* _DATA RECORDS_
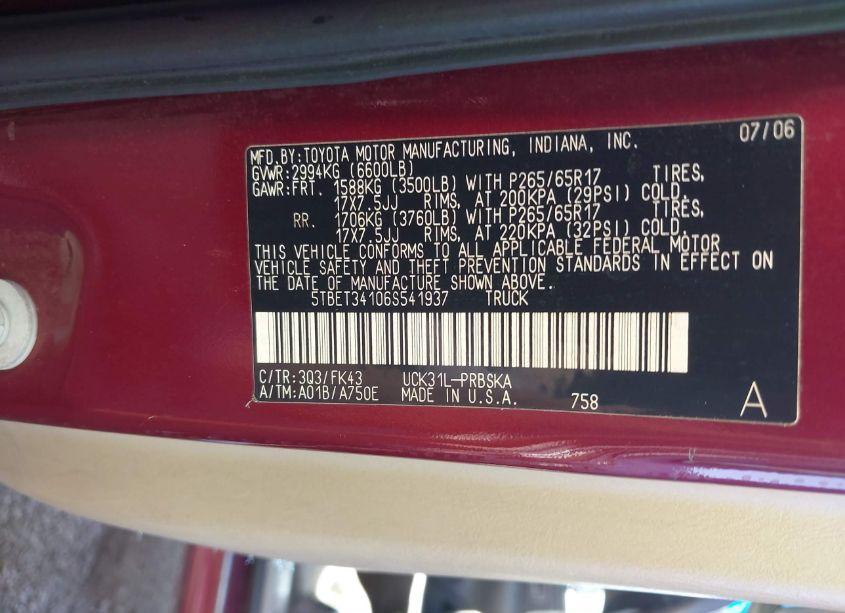 Photo 9 of 2006 Toyota Tundra SR5 V8 (VIN 5TBET34106S541937)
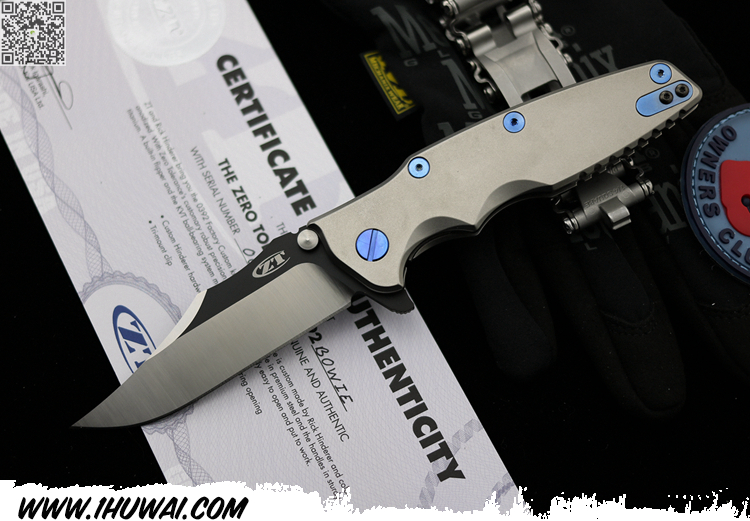 美国零误差 ZeroTolerance #ZT0392BOWIE “Rick Hinderer/zt Limited Edition Folder” 全球限量版手工定制博伊头折刀 银色钛金属手柄+M390神钢拉丝处理 KVT轴承开合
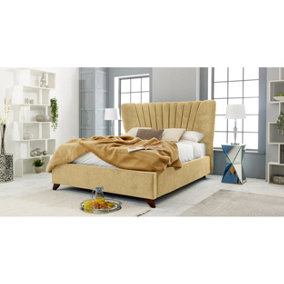 Dura Plush Bed Frame With Winged Headboard - Beige
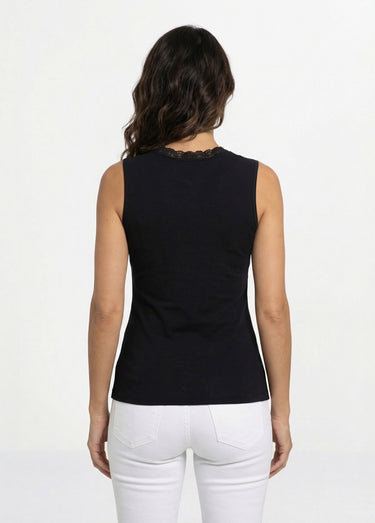 Maillot de corps sans manches dentelle Noir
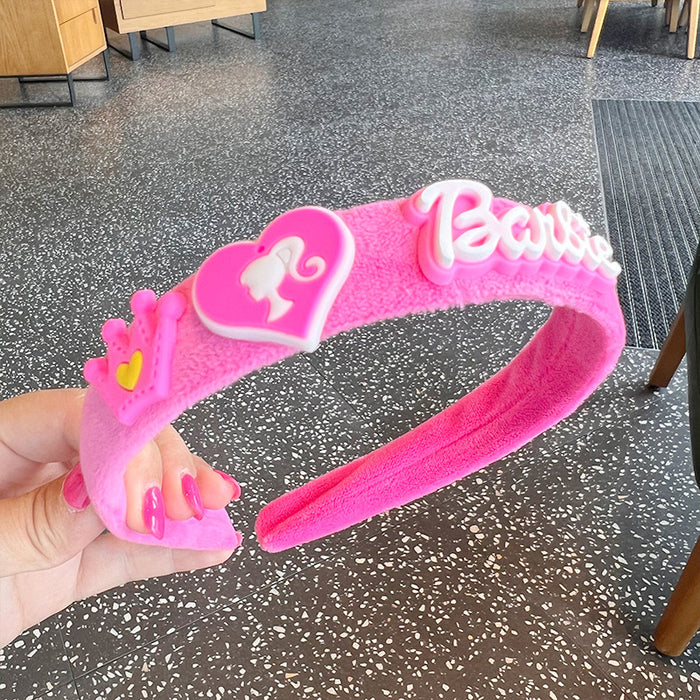 Wholesale Cute plush headband with letter elements for girls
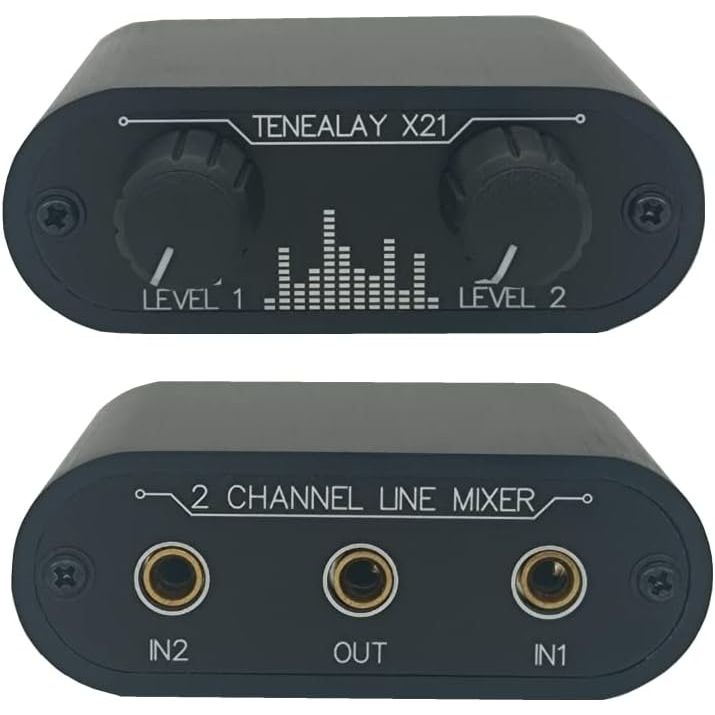 X21 2 Way Audio Mixer 3.5mm Unpowered Mixer, 2 to 1 Stereo Aux Line Levels Control Box - Just Closeouts Canada Inc.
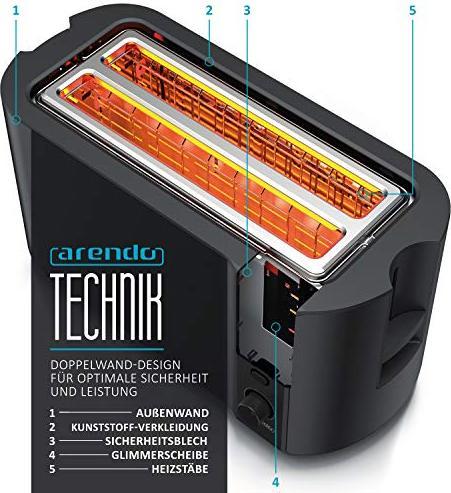 Image du produit Arendo Grille-pain en acier inoxydable à fente longue 4 tranches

* _WHAT THE TASK REQUIRES_
Output exactly the lines above, from the line with "美国零误差 ZeroTolerance #ZT0392BOWIE" to the line with "Wholesale Cute plush", both included; skip the pictures.

* _RESPONSE TO THE EXERCISE_
 美国零误差 ZeroTolerance #ZT0392BOWIE “Rick Hinderer/zt Limited Edition Folder” 全球限量版手工定制博伊头折刀 银色钛金属手柄+M390神钢拉丝处理 KVT轴承开合
 Dura Plush Bed Frame With Winged Headboard - Beige
 Maillot de corps sans manches dentelle Noir
 Wholesale Cute plush headband with letter elements for girls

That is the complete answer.